Stored data:
[Start of Attachment]
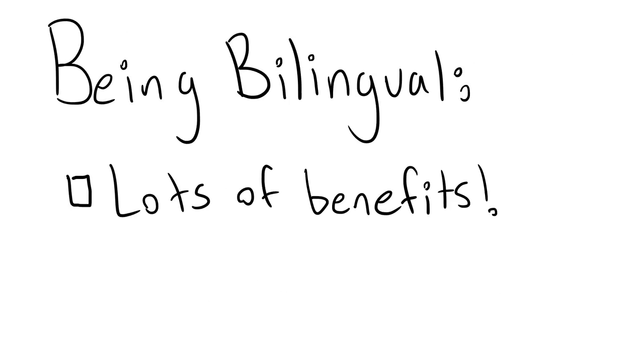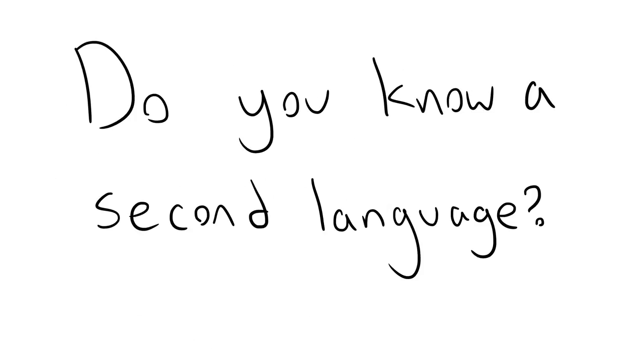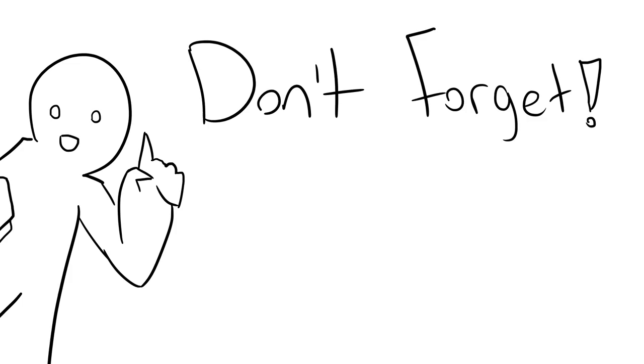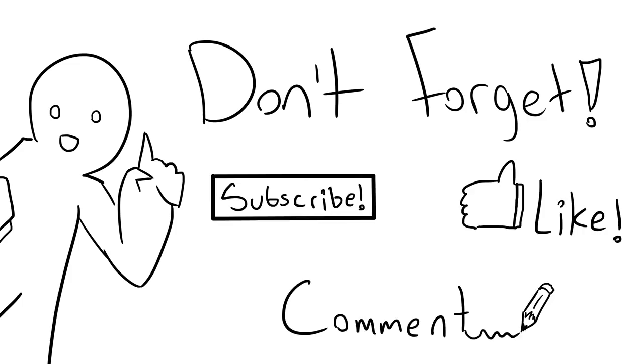Being bilingual has lots of benefits, so why not go and learn a new language? Do you already know one? Don't forget to subscribe for more language-based facts, and leave a comment with your bilingual thoughts below.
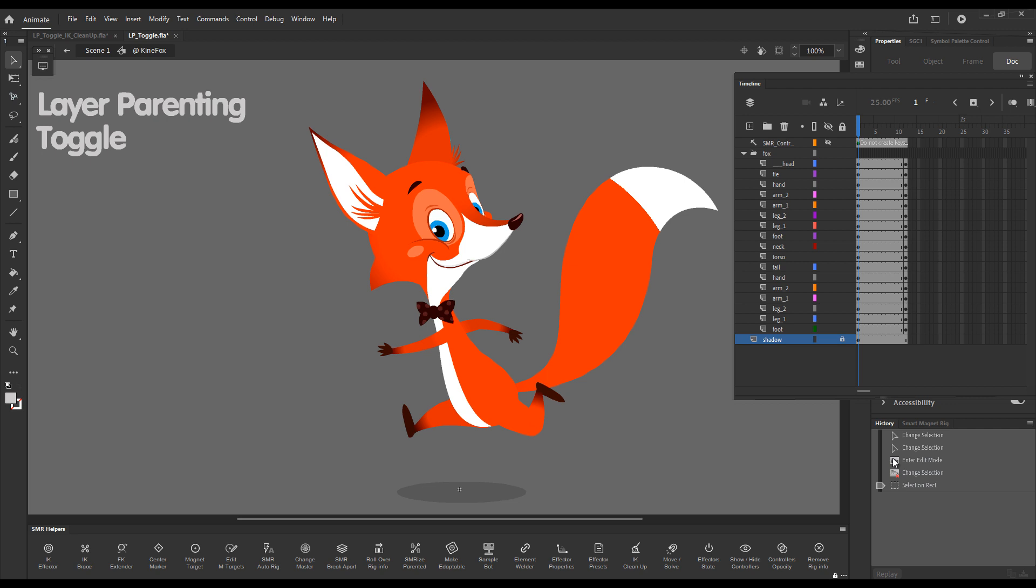Hello! In this video I'd like to present to you Layer Parenting Toggle.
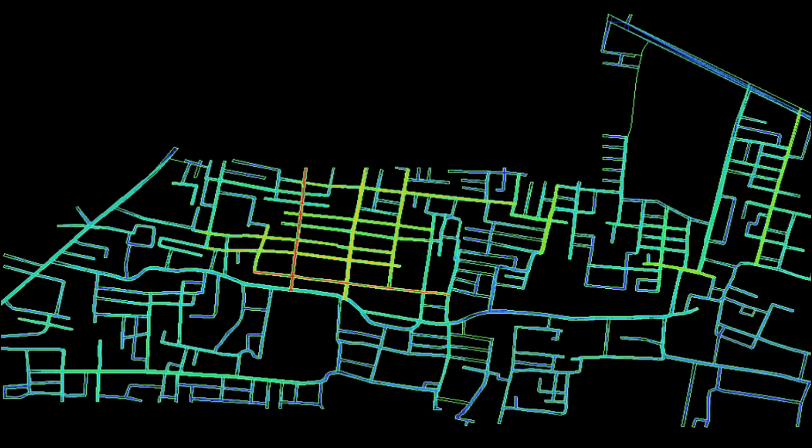Connectivity is a static local assessment that takes into consideration all of the direct connections that each street has with the other streets in its immediate neighborhood. A street that has numerous links to its side streets has a high connectivity value, whereas a street that has few connections has a low connectivity value.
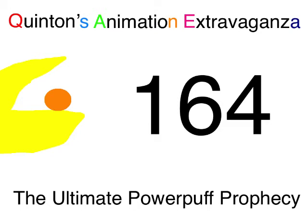Wetzel Quattle Entertainment presents Quentin's Animation Extravaganza, episode 164, The Ultimate Powerpuff Prophecy.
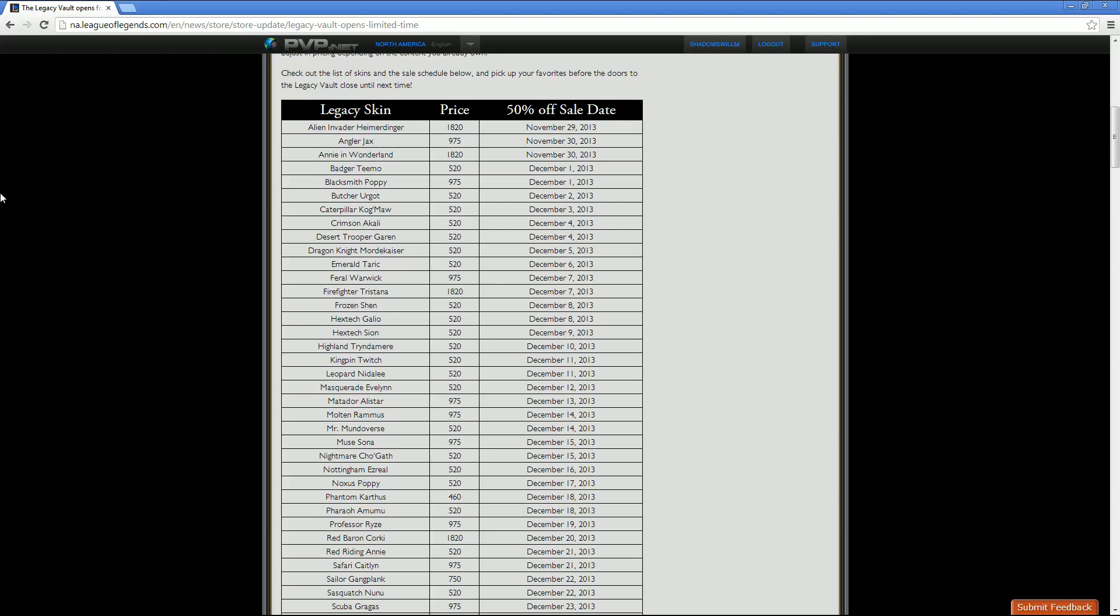Crimson Akali, 520. Her sale is December 4th. Then we've got Desert Trooper Garen at 520 as well. His sale date as well is December 4th. Then we've got Dragon Knight Mordekaiser, 520 price point. And his sale date is December 5th. Then we have Emerald Taric, who's also 520. And his sale date is December 6th.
[End of Attachment]
Exercise aim: Will you set down the records word for word while leaving out every picture?

Exercise output:
Being bilingual has lots of benefits, so why not go and learn a new language? Do you already know one? Don't forget to subscribe for more language-based facts, and leave a comment with your bilingual thoughts below.
Hello! In this video I'd like to present to you Layer Parenting Toggle.
Connectivity is a static local assessment that takes into consideration all of the direct connections that each street has with the other streets in its immediate neighborhood. A street that has numerous links to its side streets has a high connectivity value, whereas a street that has few connections has a low connectivity value.
Wetzel Quattle Entertainment presents Quentin's Animation Extravaganza, episode 164, The Ultimate Powerpuff Prophecy.
Crimson Akali, 520. Her sale is December 4th. Then we've got Desert Trooper Garen at 520 as well. His sale date as well is December 4th. Then we've got Dragon Knight Mordekaiser, 520 price point. And his sale date is December 5th. Then we have Emerald Taric, who's also 520. And his sale date is December 6th.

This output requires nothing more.